--- DATA RECORDS ---

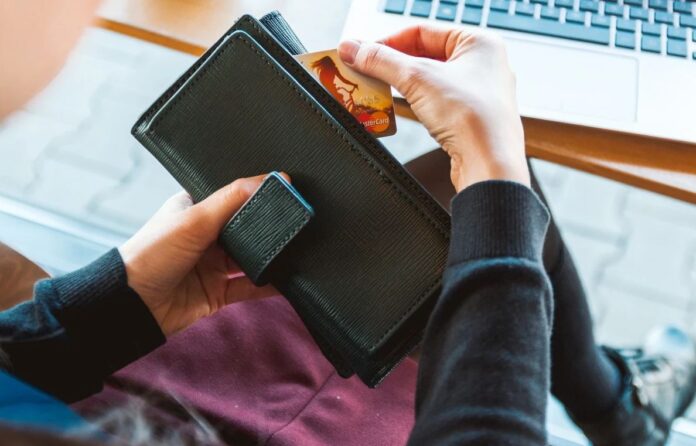 Pensiile speciale nu vor crește în ianuarie și vor fi plătite la nivelul lunii decembrie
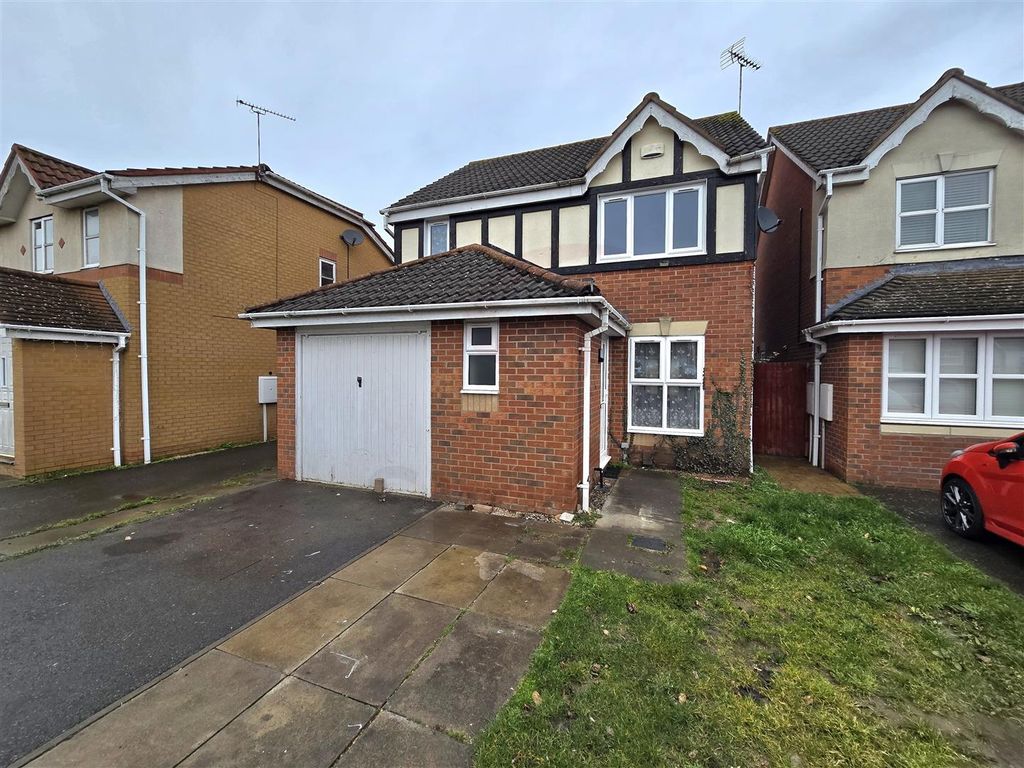 3 bed detached house to rent in Haskell Close, Thorpe Astley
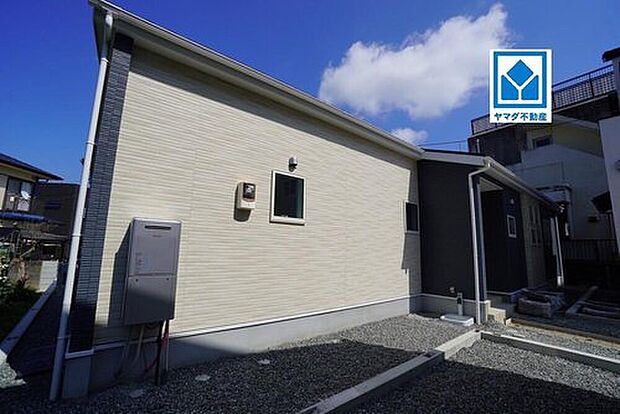 生活動線や家事動線が効率的な平屋住宅☆
南東向き^^4LDK!和室あり♪
駐車スペース縦列3台分♪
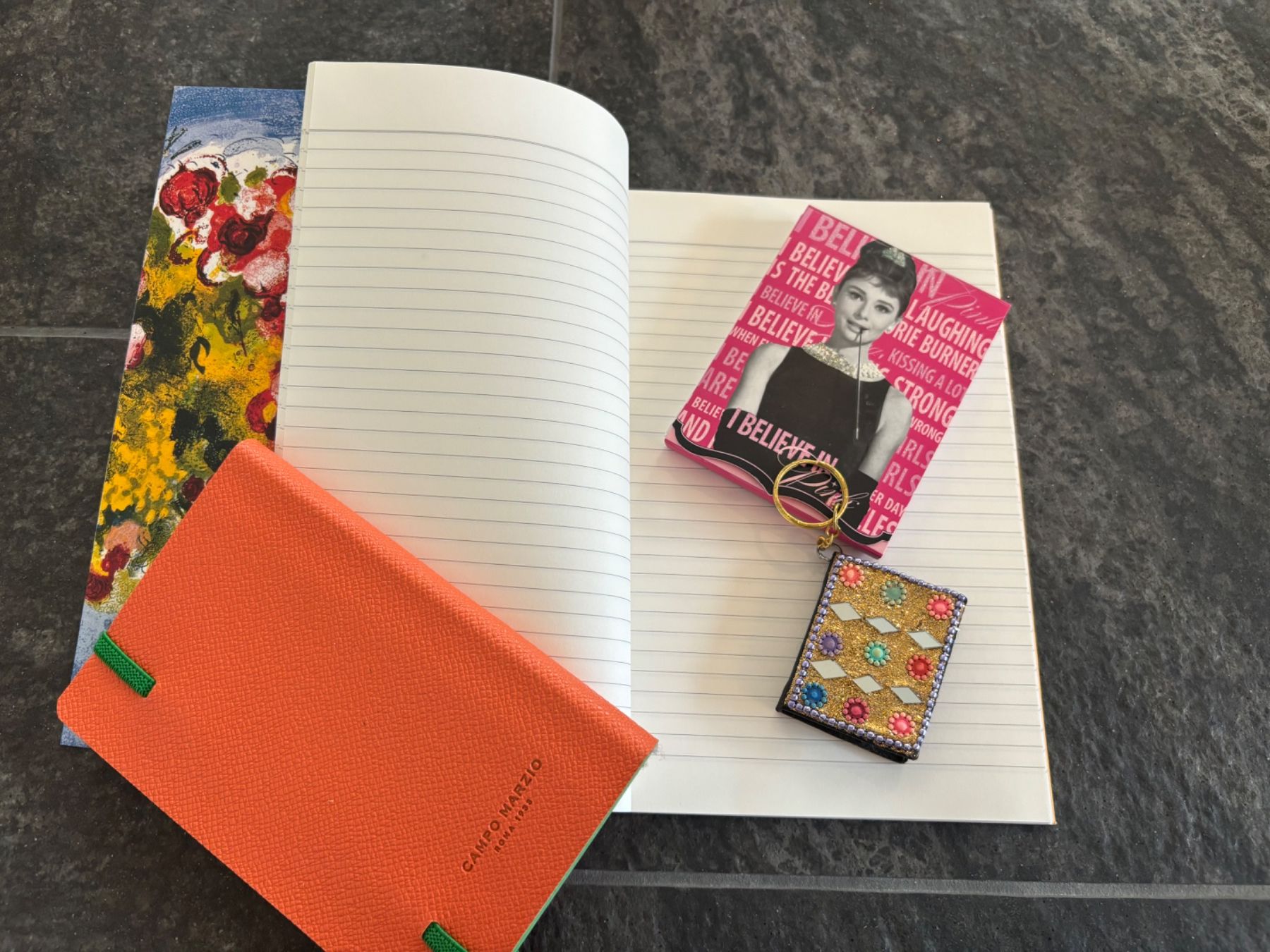 Blocs de correspondance: Notizbuch - orange, Chagall, Anhänger, Hepburn – Neuf (Voir description) à Stadel par Chanel_5 3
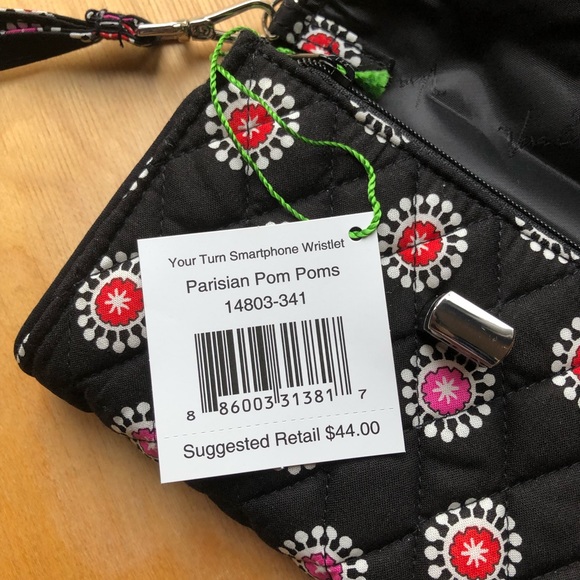 Vera Bradley Wristlet - Picture 4 of 5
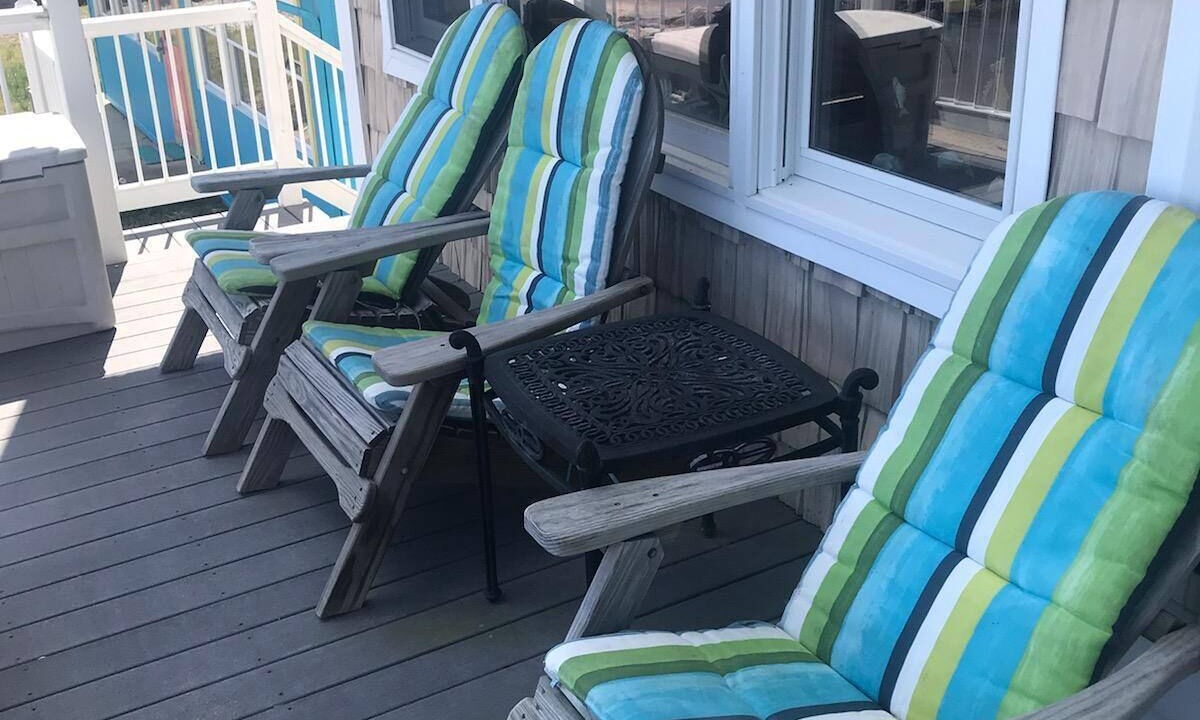 Photo of Patio Balcony in Calvert Beach-Long Beach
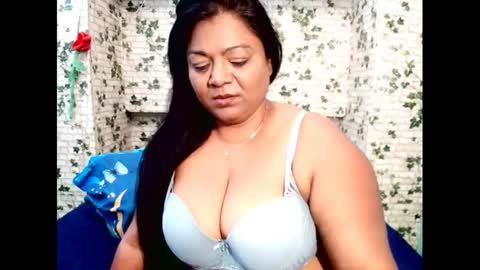 Snapshot of indiandelia chatting on February 17, 2025, 9:46 am indiandelia online show from February 17, 2025, 9:46 am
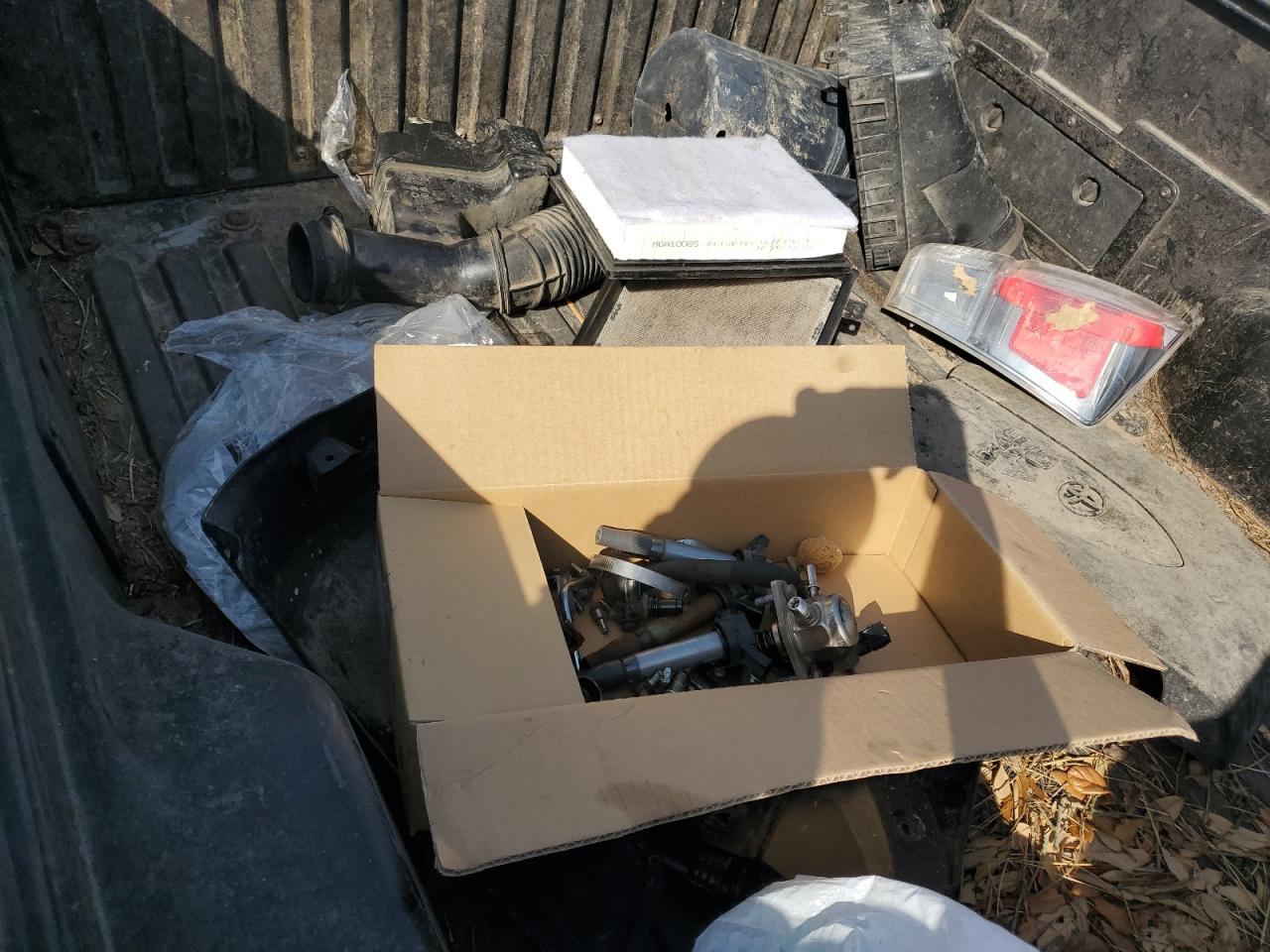 2017 Toyota Tacoma - Image 12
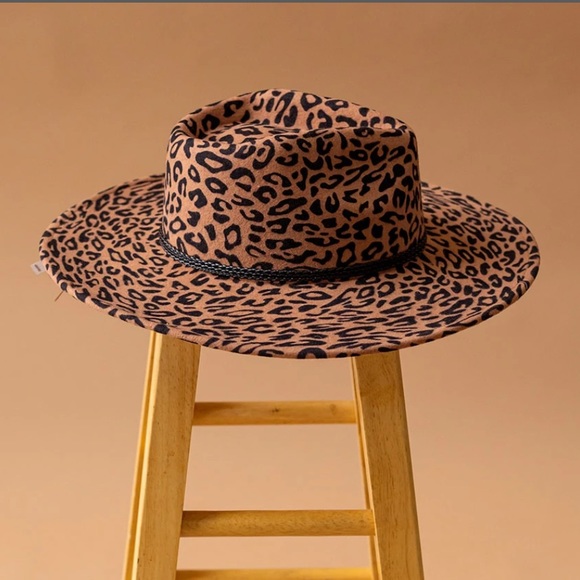 LEOPARD WOOL HAT - Picture 3 of 6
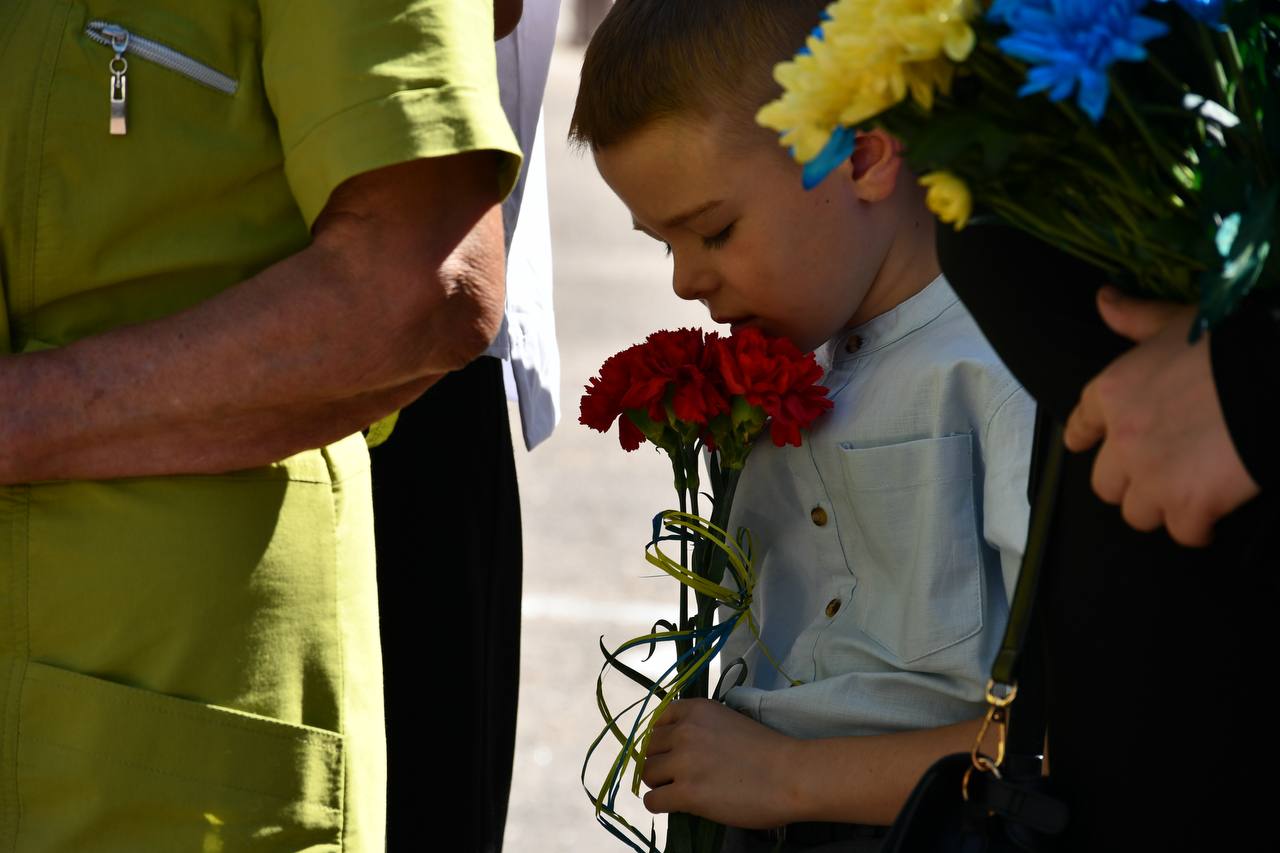 Сьогодні відкрили меморіальну дошку на знак вшанування правоохоронців, які віддали свої життя під час виконання службових обов'язків та - фото 5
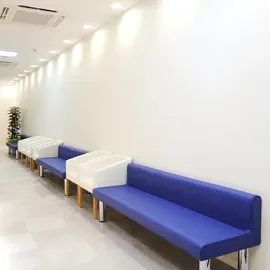 府中ことぶき町形成外科・皮フ科の医療脱毛を受ける前の待合室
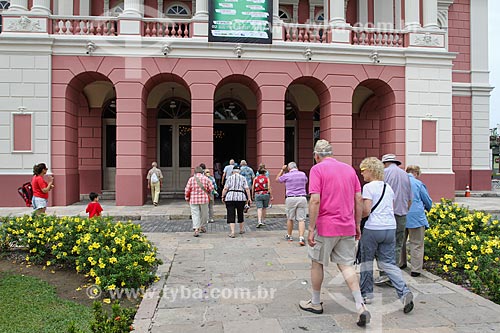  Turistas visitando o Teatro Amazonas  - Manaus - Amazonas (AM) - Brasil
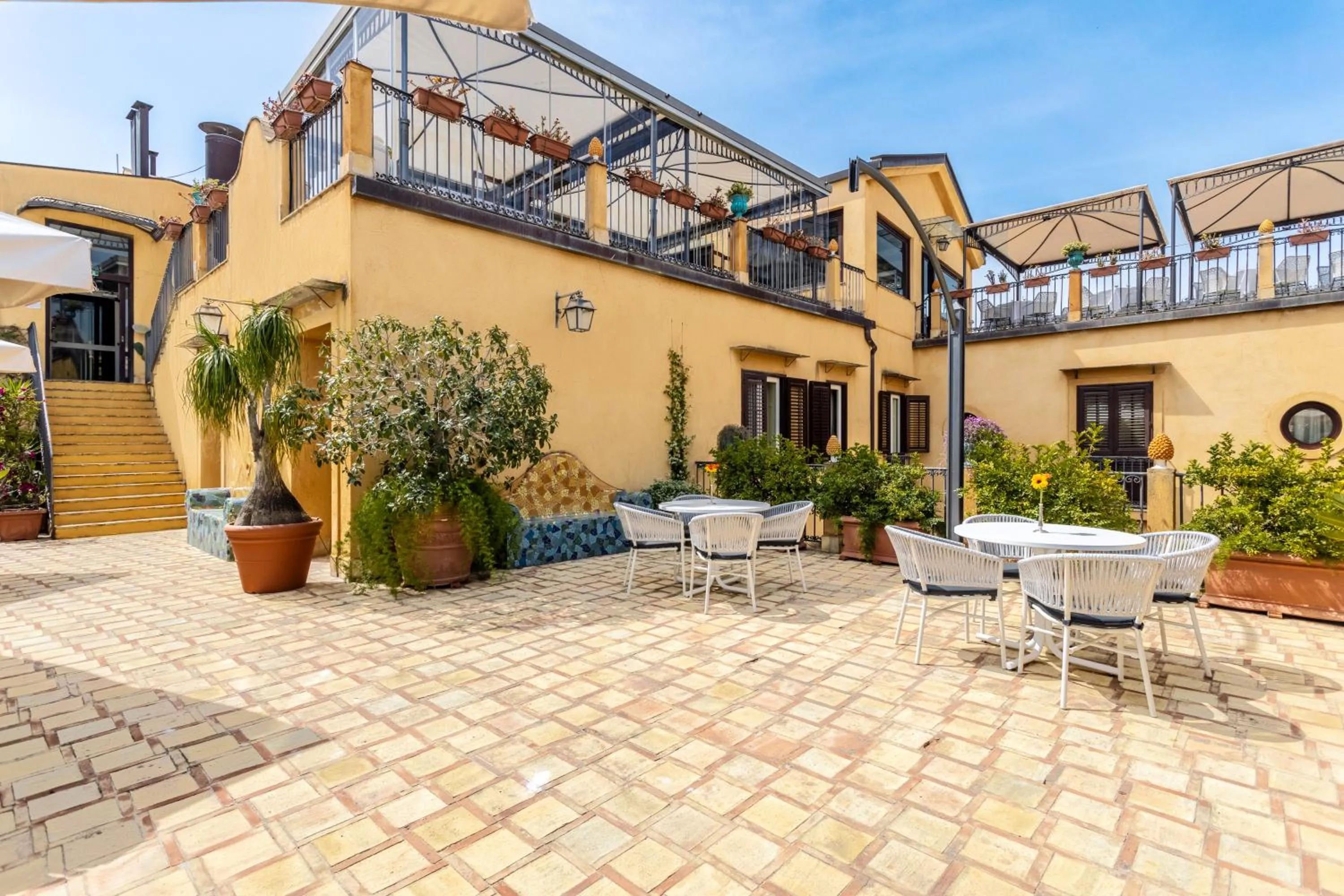 Balcony/Terrace in Eurostars Centrale Palace Hotel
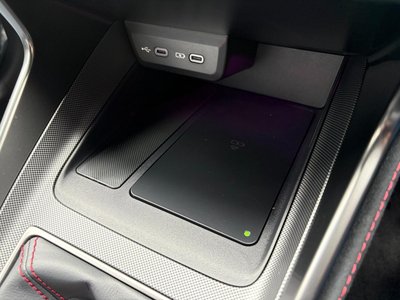 2025 Lexus LBX — миниатюра 36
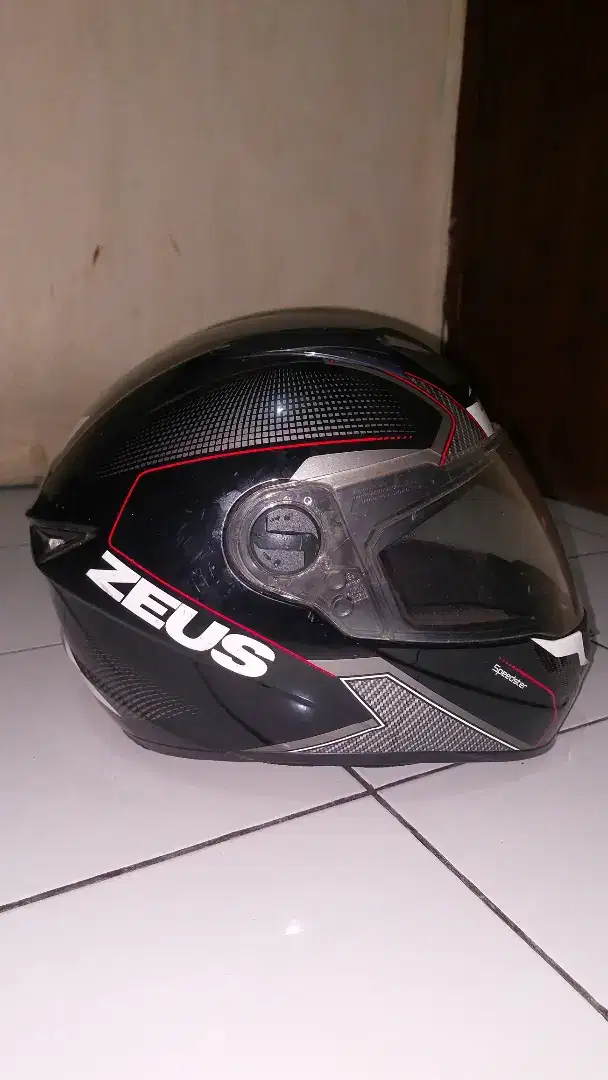 Helm Zeus ZS 811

---

TASK ITEM: Take the lines from the one holding "府中ことぶき町形成外科・皮フ科の医療脱毛を受ける前の待合室" through the last line of the data above and copy them exactly, both ends included, omitting all pictures.

RESPONSE FOR THIS EXERCISE:
 府中ことぶき町形成外科・皮フ科の医療脱毛を受ける前の待合室
  Turistas visitando o Teatro Amazonas  - Manaus - Amazonas (AM) - Brasil
 Balcony/Terrace in Eurostars Centrale Palace Hotel
 2025 Lexus LBX — миниатюра 36
 Helm Zeus ZS 811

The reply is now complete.